Pengusaha Mal Blak-blakan Omzet Seret Gara-gara 'Rojali'

7 hours ago 2

Jakarta, CNN Indonesia --

Ketua Umum Asosiasi Pengelola Pusat Belanja Indonesia (APPBI) Alphonsus Widjaja mengungkapkan fenomena 'rojali' alias rombongan jarang beli kembali mencuat tahun ini. Dia menyebut rojali membuat seret pertumbuhan omzet mal.

Istilah tersebut merujuk pada tren meningkatnya kunjungan masyarakat ke mal, tetapi tidak diikuti dengan pembelian yang signifikan.

"Sekarang memang terjadi ini (fenomena rojali) lebih karena faktor daya beli, khususnya yang di kelas menengah bawah. Kan daya belinya berkurang, uang yang dipegang semakin sedikit, tetapi mereka tetap datang ke pusat perbelanjaan," kata Alphonsus di Pusat Grosir Cililitan, Jakarta Timur, Rabu (23/7).

ADVERTISEMENT

SCROLL TO CONTINUE WITH CONTENT

Menurutnya, jumlah pengunjung pusat perbelanjaan meningkat 10 persen dibandingkan tahun lalu. Dia menyebut jumlah itu jauh dari target 20-30 persen.

Peningkatan jumlah kunjungan yang tak terlalu tinggi itu dibarengi minimnya jumlah belanja. Alphonsus mengatakan masyarakat yang datang ke mal lebih sering hanya melihat-lihat ataupun belanja sedikit.

Dia menilai kondisi ini disebabkan daya beli masyarakat yang belum pulih, terutama sejak Ramadan 2024. Pemulihan kondisi sebenarnya berpotensi terjadi menjelang Lebaran kemarin, tetapi hal itu tidak terjadi.

"Peak season-nya itu kemarin tidak tercapai karena daya beli dan pengetatan anggaran pemerintah," ujarnya.

Dia menjelaskan 95 persen pengunjung mal adalah masyarakat menengah ke bawah. Kelompok ini sedang terdampak penurunan daya beli.

Sementara itu, kelompok masyarakat berpenghasilan tinggi lebih memilih belanja ke luar negeri karena pembatasan impor. Selain itu, masyarakat menengah ke atas sedang berhati-hati dalam membelanjakan uang.

"Mereka lebih memilih antara belanja atau berinvestasi. Dampak global seperti harga komoditas dan nilai tukar juga bikin mereka mikir ulang," ujar Alphonsus.

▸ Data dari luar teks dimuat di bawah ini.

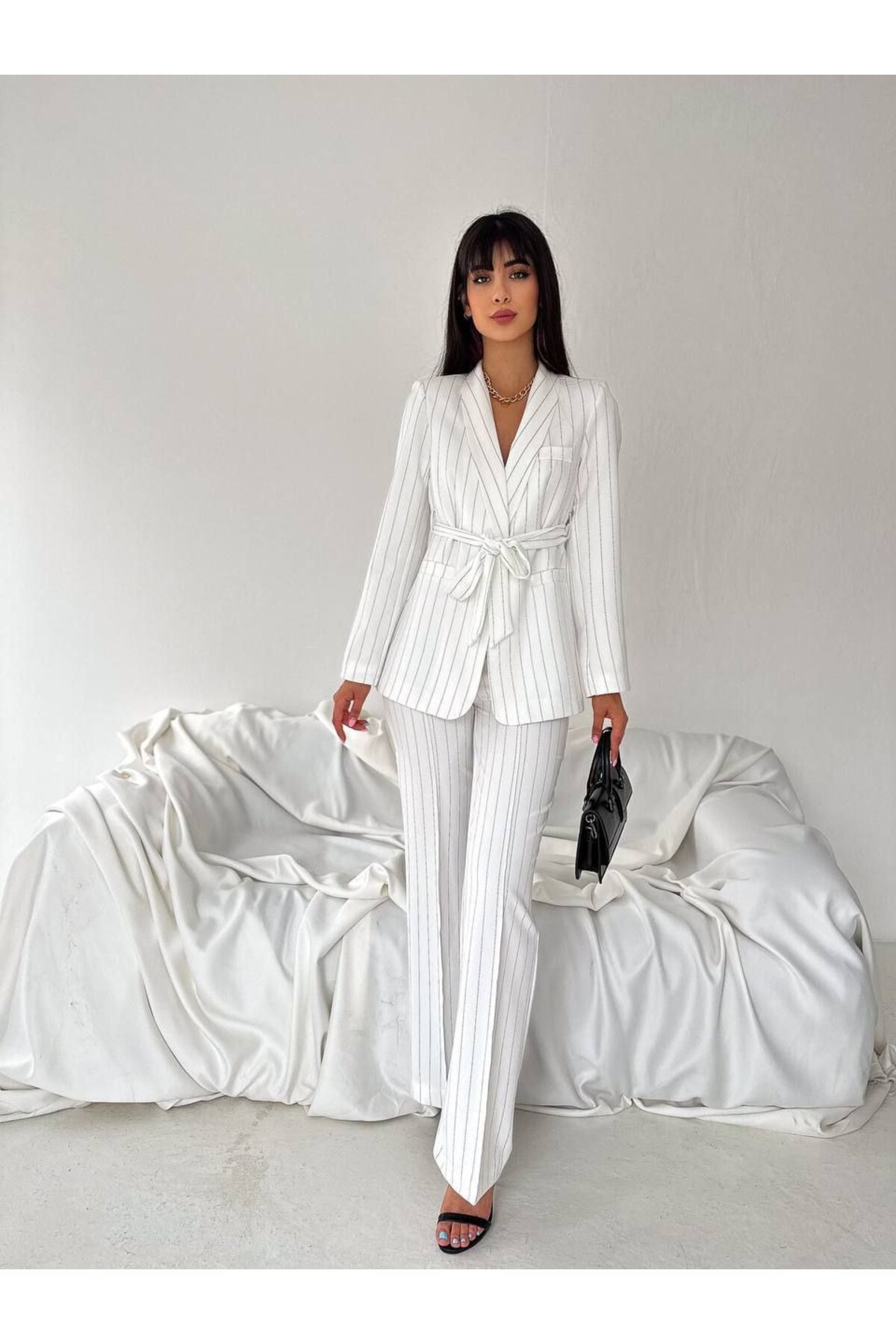 Costume tailleur rayé avec ceinture - Görsel 2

APPBI memperkirakan tetap ada pertumbuhan pendapatan, meski tipis.

"Tahun 2025 ini tetap tumbuh (omzetnya) dibandingkan tahun lalu, tapi hanya single digit, artinya kurang dari 10 persen," ujarnya.

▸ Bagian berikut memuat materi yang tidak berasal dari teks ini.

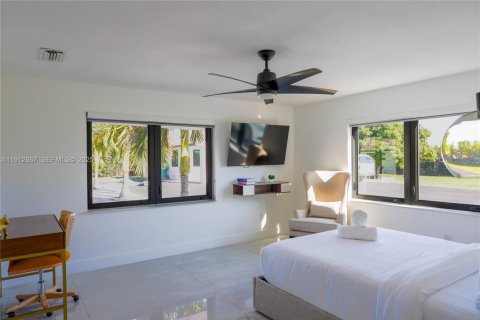 Villa ou maison à vendre à Miami, Floride: 9 chambres, 590.58 m2 № 1976638 - photo 20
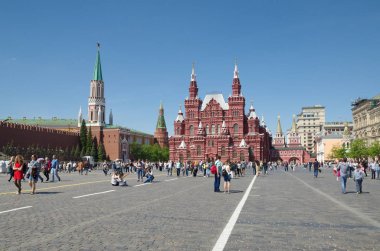Moscow, Rusya Federasyonu - 12 Mayıs 2018: kırmızı kare bir güneşli bahar gününde. Meydanda turist yürümek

Alphonsus berpendapat fenomena 'rojali' kerap muncul dari waktu ke waktu, tergantung kondisi ekonomi dan daya beli masyarakat. Dia yakin fenomena ini akan berakhir bila daya beli masyarakat pulih.

Ia pun mendorong agar pemerintah menyalurkan stimulus yang bersifat langsung, seperti bantuan langsung tunai (BLT). Namun, ia mengingatkan agar penyalurannya diawasi agar tidak disalahgunakan.

"Jangan sampai digunakan untuk hal-hal yang salah, seperti judi online," ujarnya.

Sebelumnya, pertumbuhan ekonomi Indonesia di kuartal I hanya 4,87 persen atau di bawah periode yang sama tahun sebelumnya, 4,91 persen. Padahal, periode ini disokong efek Ramadan dan Lebaran.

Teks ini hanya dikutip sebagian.